Maintains structured understanding of:

  • projects
  • tools
  • environment state
  • active branches
  • known facts
  • causal relationships

This is where the system stops being a chatbot and starts maintaining an internal representation of reality.


3. ARC Memory + Receipts

Operational memory system with provenance.

Memory classes

  • Episodic — what happened
  • Semantic — what is true
  • Procedural — how to do things
  • Strategic — what tends to work

Receipt role

Every action should emit:

  • cause
  • tool used
  • inputs
  • outputs
  • success/failure
  • branch/session lineage
  • confidence / trust

4. Goal Engine

Creates and tracks active goals.

A real proto-AGI system needs:

  • goal creation
  • priority scoring
  • decomposition into subgoals
  • completion criteria
  • conflict resolution

5. Planner

Turns goals into executable graphs.

Planner responsibilities:

  • decompose goals
  • estimate step cost
  • estimate success likelihood
  • choose tool path
  • branch when useful
  • revise plans after failure

6. Action / Tool Layer

The system must act, not just answer.

Examples:

  • shell commands
  • scripts
  • file operations
  • build pipelines
  • package/export flows
  • API calls
  • wrapped external tools

7. Evaluation Layer

After every action, the system should ask:

  • did this help the goal?
  • what actually happened?
  • what failed?
  • what should be remembered?

Without this, the system does not improve.


8. Learning Layer

The stack should update itself over time by:

  • promoting repeated successful procedures
  • adjusting planner/tool weights
  • reducing repeated mistakes
  • improving future goal execution

This is not “magic self-rewrite.”
It is structured improvement through memory and evaluation.


9. Persistent Agent Loop

The defining runtime layer.

while alive:
  observe()
  update_world_model()
  select_goal()
  plan_steps()
  execute_next_action()
  evaluate_result()
  write_receipt()
  update_memory()
  repeat()

This is the transition from:

  • assistant to:
  • operating intelligence

Suggested System Composition

A practical stack can be assembled from components like:

  • Local assistant/controller → interface + routing + tool shell
  • ARC-style core → memory + receipts + world-state substrate
  • Planner module → structured goal decomposition
  • Persistent loop daemon → continuity across time
  • Tool execution layer → shell / API / file / workflow control
  • Deterministic runtime / turbo execution layer → optional performance substrate
  • Simulation/world-model sandbox → optional policy testing + controlled learning

Where deterministic runtimes and Turbo OS fit

Deterministic execution, branch-aware runtimes, and resolved-output jumping can strengthen the stack by making it:

  • more reproducible
  • more inspectable
  • more efficient
  • better at branch comparisons
  • better at session continuity

These systems are substrates, not the intelligence itself.


Where simulation fits

Simulation should be treated as:

  • a world-model module
  • a policy sandbox
  • a branch testing environment
  • an environment for controlled learning

It should not be mistaken for AGI by itself.


What the Synth is for

The Synth direction is the long-run attempt to give the stack a real execution substrate, not just a chatbot loop.

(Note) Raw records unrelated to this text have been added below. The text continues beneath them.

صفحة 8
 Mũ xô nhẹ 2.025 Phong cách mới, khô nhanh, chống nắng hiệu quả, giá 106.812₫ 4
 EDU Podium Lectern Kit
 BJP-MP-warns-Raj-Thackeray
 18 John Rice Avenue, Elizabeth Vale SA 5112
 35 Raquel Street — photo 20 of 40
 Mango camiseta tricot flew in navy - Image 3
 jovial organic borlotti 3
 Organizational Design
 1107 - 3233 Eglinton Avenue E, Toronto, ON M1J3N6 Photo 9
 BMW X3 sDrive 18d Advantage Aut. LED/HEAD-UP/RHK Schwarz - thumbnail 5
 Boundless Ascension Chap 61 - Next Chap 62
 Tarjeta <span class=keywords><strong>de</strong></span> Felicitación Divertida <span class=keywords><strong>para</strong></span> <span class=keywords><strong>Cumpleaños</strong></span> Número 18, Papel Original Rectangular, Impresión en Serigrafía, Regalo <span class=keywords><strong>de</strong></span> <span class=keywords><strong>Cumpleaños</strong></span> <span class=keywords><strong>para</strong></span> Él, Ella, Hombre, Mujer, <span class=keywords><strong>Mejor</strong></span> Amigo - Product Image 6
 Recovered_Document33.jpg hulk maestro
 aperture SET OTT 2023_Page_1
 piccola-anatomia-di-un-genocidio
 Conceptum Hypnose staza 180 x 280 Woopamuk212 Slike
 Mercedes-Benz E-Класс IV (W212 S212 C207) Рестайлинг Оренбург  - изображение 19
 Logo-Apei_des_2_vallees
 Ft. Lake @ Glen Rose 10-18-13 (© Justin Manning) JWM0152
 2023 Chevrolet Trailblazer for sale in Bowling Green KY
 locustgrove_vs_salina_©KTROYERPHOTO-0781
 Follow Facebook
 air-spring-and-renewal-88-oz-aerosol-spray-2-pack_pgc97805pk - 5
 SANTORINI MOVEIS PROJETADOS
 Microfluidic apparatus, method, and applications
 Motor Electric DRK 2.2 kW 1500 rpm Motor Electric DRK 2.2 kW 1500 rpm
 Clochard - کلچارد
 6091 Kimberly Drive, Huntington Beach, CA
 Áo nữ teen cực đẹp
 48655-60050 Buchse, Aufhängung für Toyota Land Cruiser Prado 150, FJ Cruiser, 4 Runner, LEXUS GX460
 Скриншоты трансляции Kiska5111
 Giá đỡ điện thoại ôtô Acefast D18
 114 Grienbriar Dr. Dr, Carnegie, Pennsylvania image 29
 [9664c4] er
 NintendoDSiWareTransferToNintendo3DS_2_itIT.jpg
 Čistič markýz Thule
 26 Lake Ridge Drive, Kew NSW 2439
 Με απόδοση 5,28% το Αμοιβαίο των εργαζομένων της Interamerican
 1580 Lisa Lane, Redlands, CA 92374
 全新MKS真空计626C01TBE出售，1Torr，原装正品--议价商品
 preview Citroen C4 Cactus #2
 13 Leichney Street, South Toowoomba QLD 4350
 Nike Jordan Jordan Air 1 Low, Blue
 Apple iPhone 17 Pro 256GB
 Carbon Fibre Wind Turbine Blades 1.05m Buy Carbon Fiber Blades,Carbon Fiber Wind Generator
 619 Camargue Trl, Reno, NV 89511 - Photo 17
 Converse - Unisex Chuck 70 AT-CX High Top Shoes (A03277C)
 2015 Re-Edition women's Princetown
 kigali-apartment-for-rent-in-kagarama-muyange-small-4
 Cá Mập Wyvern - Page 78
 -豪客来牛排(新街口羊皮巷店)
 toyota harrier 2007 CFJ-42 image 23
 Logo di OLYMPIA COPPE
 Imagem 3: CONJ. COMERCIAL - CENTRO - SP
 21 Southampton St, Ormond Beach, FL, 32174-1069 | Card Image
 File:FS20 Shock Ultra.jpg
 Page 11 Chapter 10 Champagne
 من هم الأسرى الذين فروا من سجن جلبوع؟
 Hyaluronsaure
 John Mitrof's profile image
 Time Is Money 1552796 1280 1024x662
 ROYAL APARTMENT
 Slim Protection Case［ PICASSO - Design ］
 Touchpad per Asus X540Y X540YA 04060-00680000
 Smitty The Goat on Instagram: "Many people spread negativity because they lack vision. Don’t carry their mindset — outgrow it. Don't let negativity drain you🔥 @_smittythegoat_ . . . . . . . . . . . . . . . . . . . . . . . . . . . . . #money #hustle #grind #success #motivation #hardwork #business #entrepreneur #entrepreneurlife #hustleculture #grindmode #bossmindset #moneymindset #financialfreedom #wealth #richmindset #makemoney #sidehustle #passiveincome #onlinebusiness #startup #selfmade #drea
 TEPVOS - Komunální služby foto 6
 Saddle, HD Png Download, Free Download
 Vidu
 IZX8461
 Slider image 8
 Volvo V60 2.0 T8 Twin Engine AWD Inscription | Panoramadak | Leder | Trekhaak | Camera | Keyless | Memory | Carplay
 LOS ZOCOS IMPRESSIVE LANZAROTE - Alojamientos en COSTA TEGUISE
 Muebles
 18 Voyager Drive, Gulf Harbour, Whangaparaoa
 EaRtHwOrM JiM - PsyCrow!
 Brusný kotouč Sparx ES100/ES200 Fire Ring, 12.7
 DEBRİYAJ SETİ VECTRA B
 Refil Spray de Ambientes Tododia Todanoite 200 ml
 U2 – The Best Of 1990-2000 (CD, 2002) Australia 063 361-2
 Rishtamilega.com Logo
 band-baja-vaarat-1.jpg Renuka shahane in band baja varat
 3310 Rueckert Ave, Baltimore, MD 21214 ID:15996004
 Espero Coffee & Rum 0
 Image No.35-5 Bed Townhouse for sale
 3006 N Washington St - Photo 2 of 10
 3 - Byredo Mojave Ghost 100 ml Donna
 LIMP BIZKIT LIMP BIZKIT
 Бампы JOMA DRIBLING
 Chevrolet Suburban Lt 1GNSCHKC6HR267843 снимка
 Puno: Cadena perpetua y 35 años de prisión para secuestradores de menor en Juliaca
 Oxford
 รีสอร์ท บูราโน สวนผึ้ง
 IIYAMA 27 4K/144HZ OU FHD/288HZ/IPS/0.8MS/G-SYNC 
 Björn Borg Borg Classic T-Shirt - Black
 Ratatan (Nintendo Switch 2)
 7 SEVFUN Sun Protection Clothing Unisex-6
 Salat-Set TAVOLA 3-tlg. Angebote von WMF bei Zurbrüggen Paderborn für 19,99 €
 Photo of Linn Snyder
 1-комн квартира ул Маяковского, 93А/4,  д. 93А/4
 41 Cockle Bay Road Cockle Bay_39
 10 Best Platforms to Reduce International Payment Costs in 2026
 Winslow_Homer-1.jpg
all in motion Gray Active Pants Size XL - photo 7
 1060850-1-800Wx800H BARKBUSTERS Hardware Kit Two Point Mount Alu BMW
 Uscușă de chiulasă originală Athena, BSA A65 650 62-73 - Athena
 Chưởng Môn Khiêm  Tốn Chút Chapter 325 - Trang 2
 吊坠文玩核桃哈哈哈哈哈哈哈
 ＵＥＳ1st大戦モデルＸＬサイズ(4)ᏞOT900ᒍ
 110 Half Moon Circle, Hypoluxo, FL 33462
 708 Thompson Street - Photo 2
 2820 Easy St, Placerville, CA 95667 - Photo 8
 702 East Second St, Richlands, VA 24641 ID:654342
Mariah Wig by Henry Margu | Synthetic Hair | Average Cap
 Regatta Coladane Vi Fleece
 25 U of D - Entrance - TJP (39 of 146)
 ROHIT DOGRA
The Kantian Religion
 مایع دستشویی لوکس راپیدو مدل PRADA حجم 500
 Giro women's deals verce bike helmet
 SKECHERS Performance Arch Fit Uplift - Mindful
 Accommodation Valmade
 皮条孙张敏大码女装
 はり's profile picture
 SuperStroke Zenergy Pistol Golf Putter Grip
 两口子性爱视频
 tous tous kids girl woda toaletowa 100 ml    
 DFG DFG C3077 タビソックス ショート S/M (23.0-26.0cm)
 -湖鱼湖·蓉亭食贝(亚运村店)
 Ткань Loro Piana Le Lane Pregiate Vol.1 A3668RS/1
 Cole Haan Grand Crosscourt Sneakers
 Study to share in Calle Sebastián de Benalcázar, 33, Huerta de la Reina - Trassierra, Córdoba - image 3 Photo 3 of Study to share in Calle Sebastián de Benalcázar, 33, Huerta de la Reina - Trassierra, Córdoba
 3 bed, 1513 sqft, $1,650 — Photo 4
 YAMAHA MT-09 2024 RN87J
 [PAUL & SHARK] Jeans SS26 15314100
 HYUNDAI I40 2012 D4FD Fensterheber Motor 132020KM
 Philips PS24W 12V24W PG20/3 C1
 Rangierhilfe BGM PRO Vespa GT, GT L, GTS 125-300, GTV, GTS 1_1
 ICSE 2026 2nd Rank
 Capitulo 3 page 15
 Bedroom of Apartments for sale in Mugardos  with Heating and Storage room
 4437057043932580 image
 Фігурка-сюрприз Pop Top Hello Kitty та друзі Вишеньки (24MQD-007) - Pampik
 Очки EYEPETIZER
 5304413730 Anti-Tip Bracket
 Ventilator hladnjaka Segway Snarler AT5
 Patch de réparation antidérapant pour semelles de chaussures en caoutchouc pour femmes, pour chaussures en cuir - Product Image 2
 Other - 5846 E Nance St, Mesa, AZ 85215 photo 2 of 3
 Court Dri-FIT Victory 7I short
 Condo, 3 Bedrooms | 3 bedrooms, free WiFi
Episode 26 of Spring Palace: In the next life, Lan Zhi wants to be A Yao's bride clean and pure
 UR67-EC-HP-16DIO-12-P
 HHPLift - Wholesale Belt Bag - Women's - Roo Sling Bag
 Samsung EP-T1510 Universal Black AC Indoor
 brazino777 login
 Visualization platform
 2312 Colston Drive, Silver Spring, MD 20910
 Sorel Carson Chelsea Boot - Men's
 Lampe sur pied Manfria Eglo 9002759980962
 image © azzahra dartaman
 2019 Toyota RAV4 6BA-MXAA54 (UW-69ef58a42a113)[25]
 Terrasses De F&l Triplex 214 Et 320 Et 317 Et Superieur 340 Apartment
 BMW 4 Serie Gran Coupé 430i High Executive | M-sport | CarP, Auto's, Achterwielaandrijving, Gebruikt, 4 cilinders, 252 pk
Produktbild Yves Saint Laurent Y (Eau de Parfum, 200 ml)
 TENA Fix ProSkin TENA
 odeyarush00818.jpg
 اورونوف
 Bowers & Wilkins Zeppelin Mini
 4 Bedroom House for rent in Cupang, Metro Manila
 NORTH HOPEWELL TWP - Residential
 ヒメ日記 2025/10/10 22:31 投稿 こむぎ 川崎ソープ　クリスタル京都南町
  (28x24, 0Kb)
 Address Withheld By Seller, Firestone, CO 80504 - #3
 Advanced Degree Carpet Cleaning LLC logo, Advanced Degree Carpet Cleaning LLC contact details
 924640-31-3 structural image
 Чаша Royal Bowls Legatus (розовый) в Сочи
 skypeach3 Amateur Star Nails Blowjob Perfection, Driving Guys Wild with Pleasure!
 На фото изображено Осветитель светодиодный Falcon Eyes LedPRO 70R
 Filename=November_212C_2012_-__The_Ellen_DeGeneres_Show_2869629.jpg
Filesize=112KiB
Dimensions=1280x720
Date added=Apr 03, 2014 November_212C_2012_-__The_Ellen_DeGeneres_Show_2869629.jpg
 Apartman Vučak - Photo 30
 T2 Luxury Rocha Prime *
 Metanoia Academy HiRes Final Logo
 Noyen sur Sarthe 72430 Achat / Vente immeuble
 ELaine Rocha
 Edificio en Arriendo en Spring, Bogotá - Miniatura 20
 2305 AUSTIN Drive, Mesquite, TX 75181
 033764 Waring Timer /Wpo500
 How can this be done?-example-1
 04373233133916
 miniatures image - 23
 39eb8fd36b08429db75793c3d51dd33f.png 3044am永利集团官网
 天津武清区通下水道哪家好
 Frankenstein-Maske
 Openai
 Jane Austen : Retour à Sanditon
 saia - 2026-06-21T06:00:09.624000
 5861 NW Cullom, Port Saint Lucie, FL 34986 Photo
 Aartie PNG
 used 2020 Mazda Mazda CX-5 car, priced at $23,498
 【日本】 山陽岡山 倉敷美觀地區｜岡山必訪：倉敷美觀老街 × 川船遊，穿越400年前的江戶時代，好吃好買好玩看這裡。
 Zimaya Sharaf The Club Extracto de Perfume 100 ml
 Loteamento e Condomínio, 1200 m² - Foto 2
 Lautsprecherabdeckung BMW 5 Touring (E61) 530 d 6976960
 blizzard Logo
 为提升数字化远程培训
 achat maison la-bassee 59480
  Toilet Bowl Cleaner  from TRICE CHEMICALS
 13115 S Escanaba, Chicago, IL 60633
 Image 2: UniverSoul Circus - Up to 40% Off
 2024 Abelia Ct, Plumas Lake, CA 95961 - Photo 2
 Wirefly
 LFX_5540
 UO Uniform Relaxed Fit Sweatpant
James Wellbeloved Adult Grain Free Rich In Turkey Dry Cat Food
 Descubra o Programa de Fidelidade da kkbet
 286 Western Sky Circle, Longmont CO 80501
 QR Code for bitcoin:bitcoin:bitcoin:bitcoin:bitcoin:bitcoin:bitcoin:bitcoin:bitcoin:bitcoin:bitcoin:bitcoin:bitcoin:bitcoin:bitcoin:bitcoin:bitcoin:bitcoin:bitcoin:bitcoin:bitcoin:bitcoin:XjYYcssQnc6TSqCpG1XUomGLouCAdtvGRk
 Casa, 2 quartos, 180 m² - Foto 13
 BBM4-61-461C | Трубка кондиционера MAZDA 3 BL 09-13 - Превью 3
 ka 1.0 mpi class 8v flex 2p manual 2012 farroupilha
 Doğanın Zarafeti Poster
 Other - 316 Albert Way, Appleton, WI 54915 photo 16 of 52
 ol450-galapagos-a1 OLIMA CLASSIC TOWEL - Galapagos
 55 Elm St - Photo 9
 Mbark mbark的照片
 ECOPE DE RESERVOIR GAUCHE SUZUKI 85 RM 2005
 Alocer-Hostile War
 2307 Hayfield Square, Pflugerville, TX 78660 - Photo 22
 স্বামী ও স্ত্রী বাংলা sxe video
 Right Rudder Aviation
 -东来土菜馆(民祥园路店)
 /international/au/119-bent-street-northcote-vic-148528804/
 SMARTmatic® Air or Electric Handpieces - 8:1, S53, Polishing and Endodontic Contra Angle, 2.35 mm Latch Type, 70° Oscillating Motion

In the ecosystem, Synth is the autonomous synthesizer/program layer that can:

  • interpret directives
  • build or print structured outputs
  • operate inside a persistent synthetic environment
  • route work through a geometry- and state-aware grid runtime
  • eventually act as the execution engine for the wider ARC / Proto-AGI doctrine

At the smallest scale, Synth can be thought of as a bounded autonomous program/entity that accepts directives and executes them within a controlled system. At the largest scale, it becomes the direction referred to as the:

Virtual Simulated Physics Capacity-Weighted Engine + Wetware Communications Grid

That longer-term Synth goal is not just “an AI character” or “a game engine.” It is a proposed runtime where:

  • simulated space is executable space
  • geometry becomes routing and structure
  • persistent entities can act within a deterministic rule system
  • ARC memory/receipts can be grounded in a world-like runtime
  • future autonomous systems can be tested in something closer to a lawful environment than a plain chat session

In short:

Proto-AGI defines the operating intelligence loop. Synth defines the long-run world/runtime that the loop can inhabit, execute through, and eventually be stress-tested inside.


Current Implementation Path

This repository is the architecture/specification layer for the wider direction. It is not the single finished implementation repo.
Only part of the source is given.